Sunny South Guards

Military Flag Presentation Ceremony


The following Florida Veteran is being honored in this project:



Age at enlistment: 20

Born:  4/8/41 Marshall Co., MS

Parents:  Father:  John, Mother: Martha Brown Carson.

Died:  3/14/1903 Havana Cuba

Final Resting Place:  Brandon Family Cemetery, Brandon, FL

Married:  Johanna Cavacevich 7/17/66

Came to Florida with his parents in 1857.

He enlisted
8/10/61 as Private at Tampa and was appointed 5th Sgt 6/10/62.
He was captured 11/25/63 at Missionary Ridge: he
"... kept his position until the enemy were in a few feet of the ditches ...." He was sent to Rock Island POW Camp, Chicago, IL and despite his absence, he was promoted 3rd Corporal in early 1864.  He was forwarded for exchange 3/2/65.  His name appears on the honor roll of Chickamauga.

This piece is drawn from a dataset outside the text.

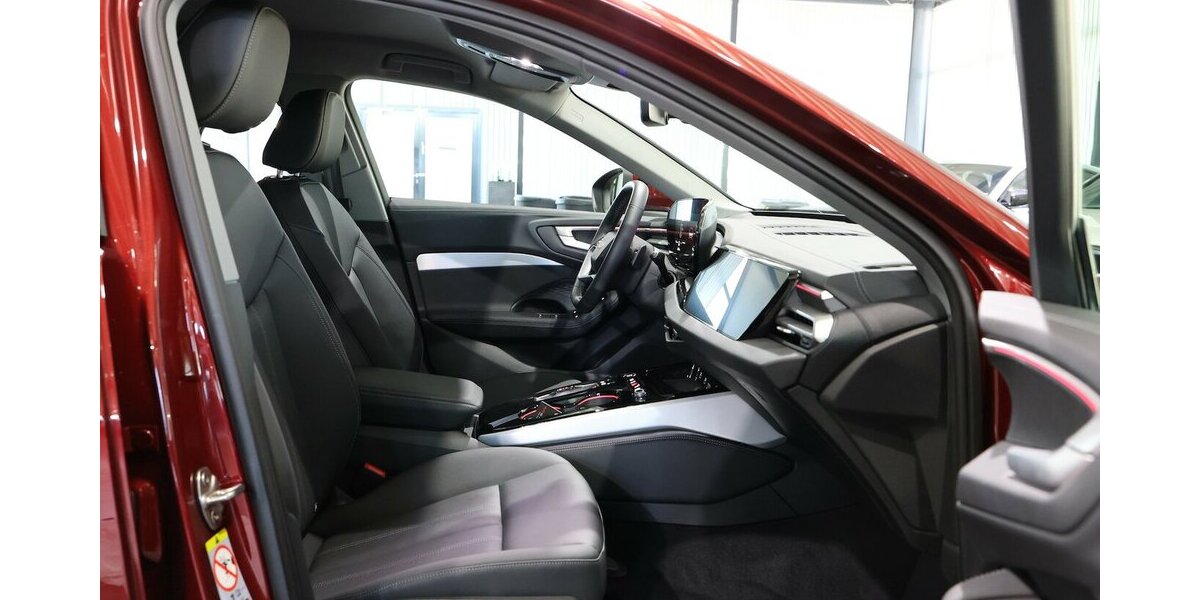 Audi A5 Avant TFSI TECH-PLUS / TOLLES FAHRZEUG / 11.000 km 41.777 &euro; Hamm 59077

James' father, John Brandon arrived at Ft. Brooke (now Tampa) in January 1857, migrating from Mississippi.  Mr. Brandon and his wife, Martha, along with their six sons, first moved his family to what is now the Seffner area. Then in August 1858, John Brandon purchased 40 acres of land in the New Hope area (now Brandon) located south of Hopewell Road  (now State Road 60) between Parsons and Avenue and Lithia Road. 

John's and his four sons served for the Confederacy:  Franklin and Jarrett (and their father, John), served in Munnerlyn's Battalion. The fourth, Robert Marion Brandon, served in Company D, 2nd Mississippi Regiment and was killed at Gettysburg.

Marta Brandon died in 1867 and John moved his family to Bartow, leaving everything he owned to his son, James Henry Brandon.

 In 1876, James built a Beautiful home for his wife, Joanna, which is a well known Brandon landmark, the Stowers Funeral Home still located on State Road 60 (now Brandon Boulevard).

Meanwhile, John Brandon was married to Victoria in 1868, and in 1874 they moved back to New Hope.  He homesteaded 160 acres and called his place “Brandon”. Their home was located in what would become the corner of Kings Avenue and Victoria Street. Four years later the New Hope Church was built on land donated by Mr. Brandon. This church also served as the first school in the community in the 1870s. After John’s death in 1886, Victoria took a leading role in the budding community, serving as the first postmistress and requesting a civil engineer of the railroad to survey and lay out a town site. The new town was officially given the name of Brandon.  Descendants of the Brandons still live in the area.


After the war, James and his wife raised seven children. James was a prominent orange grove owner and was a member of Hillsborough United Confederate Veteran Camp 41 in 1891.